### [What you have to do]
The required output is every line from the one containing "At our radiology" through the last line of the listing below, copied exactly, pictures excluded.

### [Provided material]
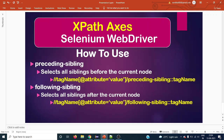The syntax is straightforward. It starts with a double forward slash and tag name, then the attribute within square brackets, followed by a single or double forward slash, then the XPath axis name — preceding-sibling — and double colon, followed by the tag name you want to select. The following-sibling syntax is pretty much the same, except for the axis name.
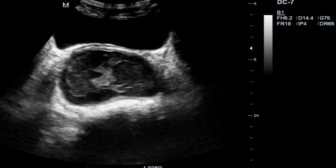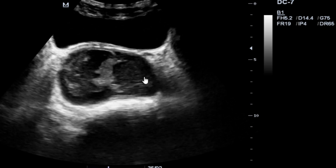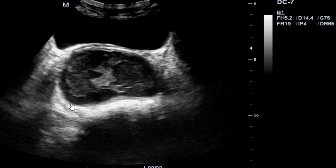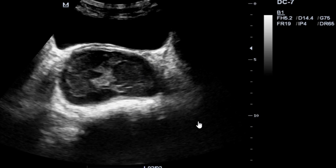At our radiology department, we hardly come across these types of conditions. Since I started working here, this is the first time I saw this. You can see the urinary bladder, and then we have a separate collection with no communication between the urinary bladder and this collection — so we could not suspect a diverticulum.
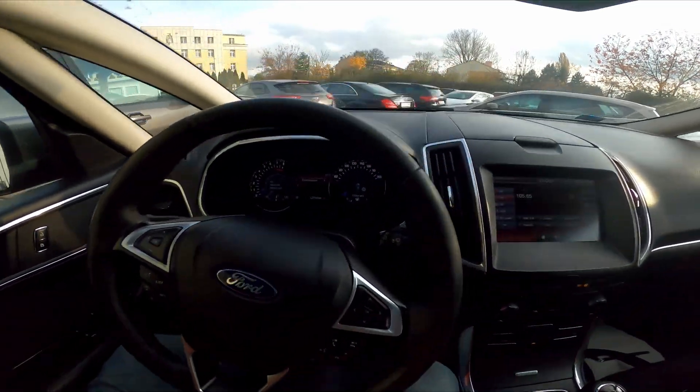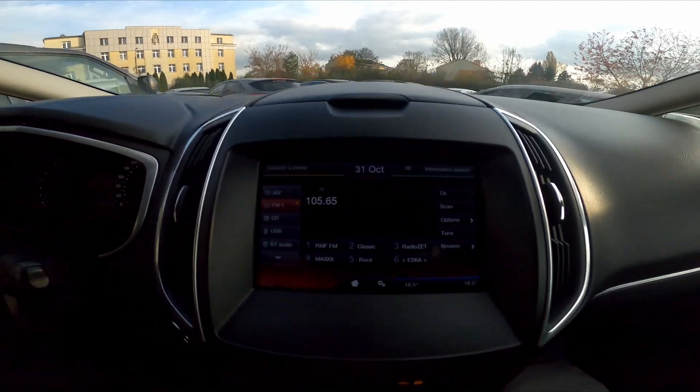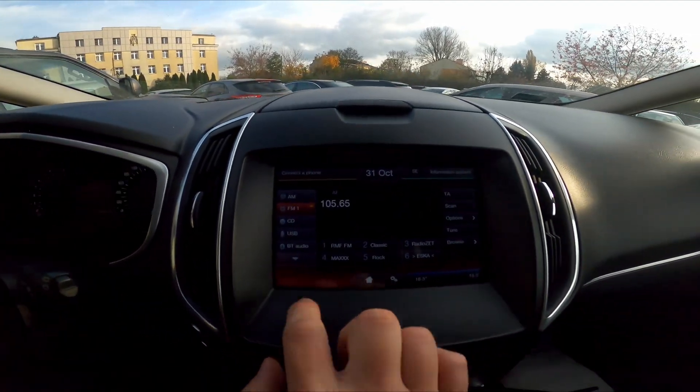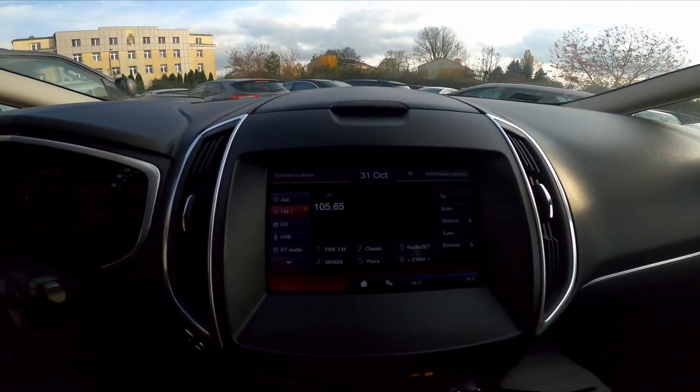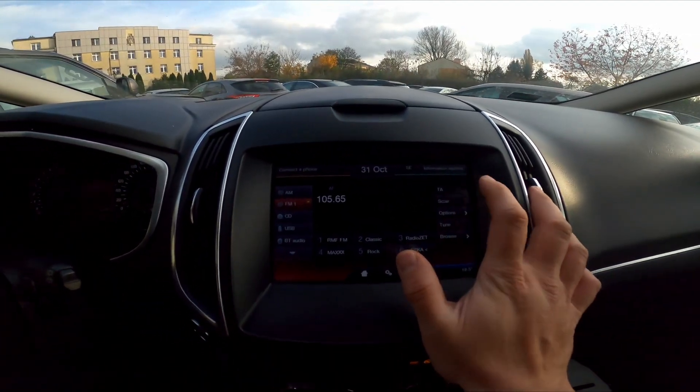In the beginning take a look at the screen display. Go to radio and to enable or disable TA simply press this button.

### [Finished task]
At our radiology department, we hardly come across these types of conditions. Since I started working here, this is the first time I saw this. You can see the urinary bladder, and then we have a separate collection with no communication between the urinary bladder and this collection — so we could not suspect a diverticulum.
In the beginning take a look at the screen display. Go to radio and to enable or disable TA simply press this button.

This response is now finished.